El Consejo de Ministros ha declarado Bien de Interés Cultural (BIC) el emblemático mural cerámico de Joan Miró situado en el Aeropuerto Josep Tarradellas Barcelona-El Prat, de este modo, este imponente mosaico de 500 metros cuadrados, diseñado junto al ceramista Josep Llorens Artigas, y que da la bienvenida a los viajeros en la Terminal 2B recibe la máxima protección legal del Patrimonio Histórico Español
La obra fue el resultado de un encargo realizado por el Ayuntamiento de Barcelona en 1968. El objetivo fundamental consistía en “dotar de modernidad y vanguardismo a las infraestructuras de la ciudad durante la ampliación de la terminal aérea”. Para materializarlo, Miró trabajó en estrecha colaboración con el reputado ceramista Josep Llorens Artigas, reanudando una alianza artística que ya había dejado huella en instituciones internacionales como la UNESCO en París o el Museo Guggenheim de Nueva York.

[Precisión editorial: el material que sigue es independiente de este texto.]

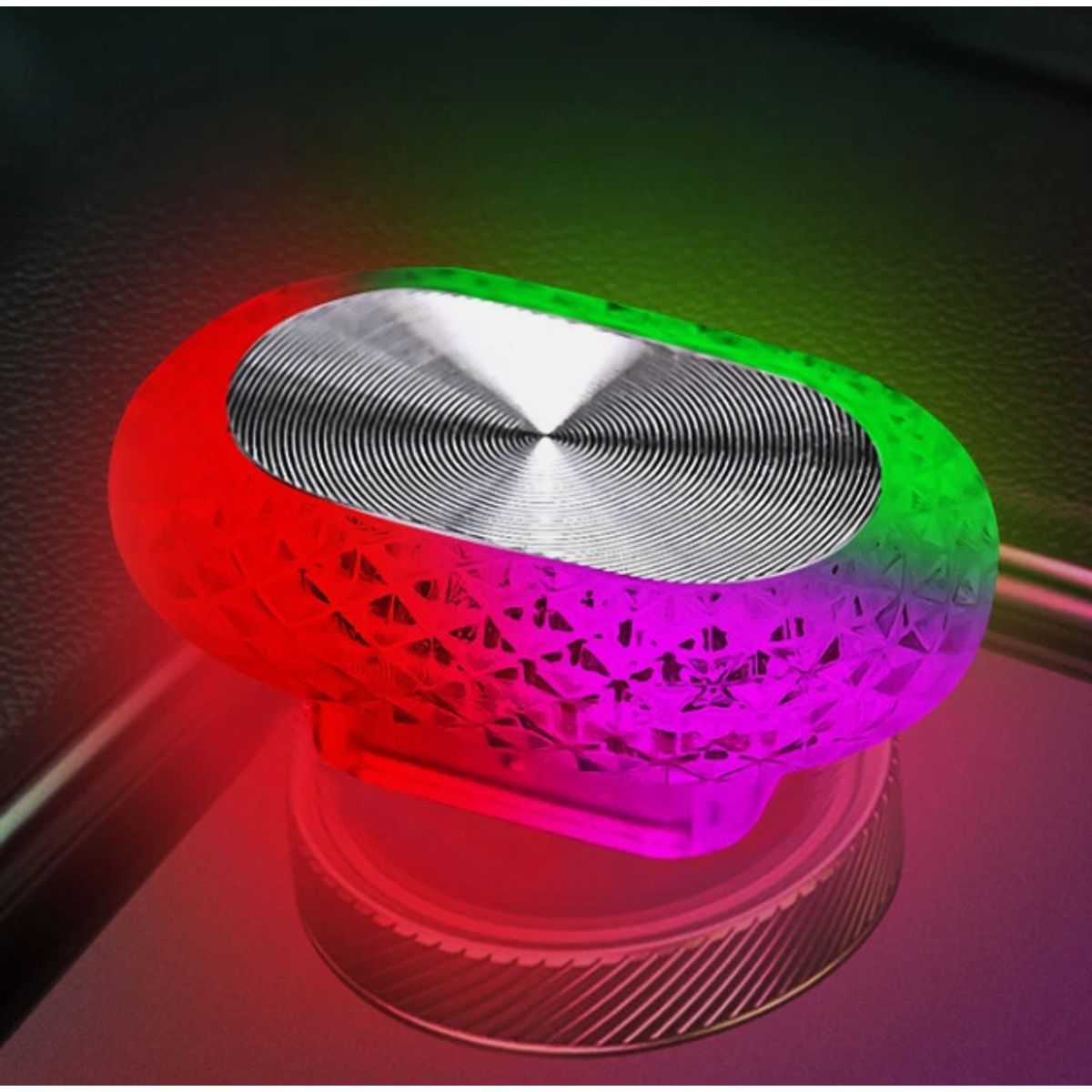 Oval Angel Eye USB Car Interior Decorative Light - Colorful Slow Flash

Las dimensiones y especificaciones técnicas del panel son monumentales. Posee una superficie total de 500 metros cuadrados, estructurada con 4.865 azulejos esmaltados rectangulares. El conjunto escultórico alcanza un peso aproximado de 35 toneladas. La producción requirió un esfuerzo técnico superlativo, necesitando 464 hornadas diferentes en un horno escalonado de tipo noborigama para conseguir los característicos efectos irregulares de luz y color que los autores buscaban.
El complejo montaje de las piezas comenzó en 1970 y se prolongó durante seis meses a un ritmo de 60 placas diarias, abriendo sus puertas al público el 18 de marzo de 1971. Con la declaración de este nuevo BIC se asegura la conservación definitiva de una pieza clave del arte público del siglo XX. El autor barcelonés saldó así su promesa de entregar a su ciudad natal la gran obra que le había ofrecido.